Hundreds of jack o lanterns lit the way of a slightly spooky trail. Visitors from all over the neighbourhood and Guelph couldn’t wait to catch a glimpse of some the creative carvings, some comical and some creepy.
And many children were on the hunt looking for their own creations, which also helped light the way.
Running around from one carved masterpiece to another, they eagerly placed flags on their favourite choices for the “best carved pumpkin”.
Visitors followed the Community Parade Band as they made their way along the pathway of pumpkins.
Some tasty treats including hot chocolate and popcorn were available and a fire juggler continued to awe spectators throughout the night.

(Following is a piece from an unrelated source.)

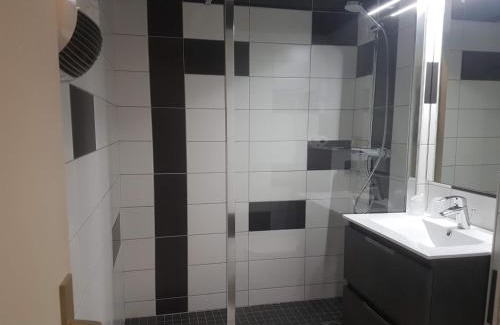 Fleurie Hotel | Logis Hotel Des Grands Vins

“We are so lucky to have so much support. We have the Community Parade Band take part and circus arts. We’ve had belly dancers and face painters. And all of them come on their own time, year after year,” Arnold said.
Two Rivers Neighbourhood Group provides services, events and programs to community members living in the Two Rivers Neighbourhood, an area bounded by Victoria Road, Elizabeth Street and the Eramosa and Speed Rivers.
Programs include movie nights, potlucks yoga classes, parent and child drop-ins, Kids Skill Share classes as well as various sporting activities.
The self-serve Emergency Food Cupboard is also available to community members in need and the neighbourhood group has also developed two community garden spaces.
The goal is to foster connections to each other, the earth and food security while inspiring a sense of community.
Both gardens use strictly organic gardening practices and were designed with personal plots in mind allowing community members the opportunity to grow their own food and learn from each other.
“Our neighbourhood group is unique in that we have such diversity here and it’s growing all the time,” Arnold said.
“We are always looking for ways to bring everyone together regardless of differences whether it may economics or whatever, it’s all about community.”
Arnold says the local food market has also been a hit as well in trying to bring the community together.
During the summer months, community vendors make their way to the neighbourhood, selling local produce, hot food and crafts.
The market came together through a partnership of the Two Rivers Neighbourhood Group, the Guelph Neighbourhood Support Coalition, the Upper Grand District School Board, and Transition Guelph.
“We are such a large group so many of our events have to be outside and the Pumpkin Promenade is one great way,” she said.
Once the event is over, local farmers will collect the pumpkins for reuse.
“This event has become so big,” Arnold said.
“The Pumpkin Promenade is just another way of bringing our community together and with all of these pumpkins all lit up, people really want to come see this.”